18. *Il trovatore* (19th January 1853; Teatro Apollo, Rome)

19. *La Traviata* (6th March 1853; Teatro la Fenice, Venice)

20. *Les Vêpres Siciliennes* (13th June 1855; Académie Impériale de Musique, Paris)

21. *Simon Boccanegra* (12th March 1857; Teatro la Fenice, Venice)

22. *Aroldo* (16th August 1857; Teatro Nuovo, Rimini)

23. *Un ballo in maschera* (17th February 1859; Teatro Apollo, Rome)

24. *La forza del destino* (10th November 1862; Bolshoi Theatre, St. Petersburg)

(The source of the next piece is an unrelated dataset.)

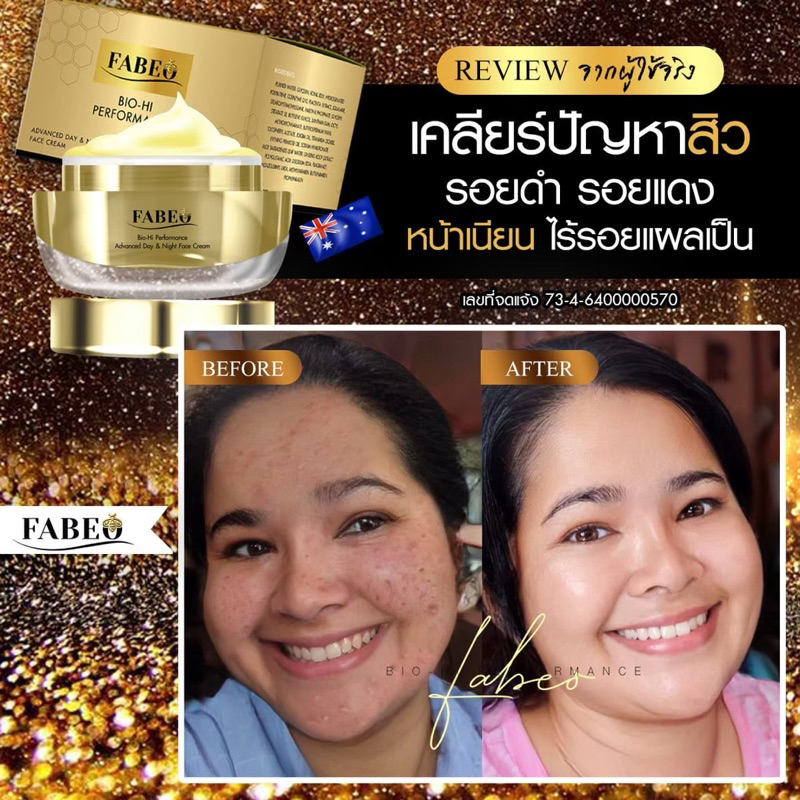 ส่งฟรี-fabeoฟาบีโอ้-ครีมจอยรินลณี-ครีมรกแกะ-ครีมย้อนวัยผิวและริ้วรอย-สำหรับผูหญิงวัย35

25.* Don Carlos* (11th March 1867; Académie Impériale de Musique, Paris)

26. *Aïda* (24th December 1871; Opera House, Cairo)

27. *Otello* (5th February 1887; Teatro alla Scala, Milan)

28. *Falstaff* (9th February 1893; Teatro alla Scala, Milan)


----------



## AndyS (Dec 2, 2011)

Another vote for rigoletto. Not my favourite but certainly best for people new to Verdi

Would recommend the recording with Sutherland, Pavarotti and Milnes conducted by Bonynge. All of the 3 principals on great form (even if Dame Joan sounds a wee bit too old she sings beautifully)


----------



## sospiro (Apr 3, 2010)

AndyS said:


> Another vote for rigoletto. Not my favourite but certainly best for people new to Verdi
> 
> Would recommend the recording with Sutherland, Pavarotti and Milnes conducted by Bonynge. All of the 3 principals on great form (even if Dame Joan sounds a wee bit too old she sings beautifully)


100% agree. I'm taking an opera virgin to see Rigoletto next month & have loaned her my copy of this version with instructions to do some homework before we go.


----------



## Manok (Aug 29, 2011)

I also forgot that I have heard La Forza del destino, I just couldnt remember the name. .


----------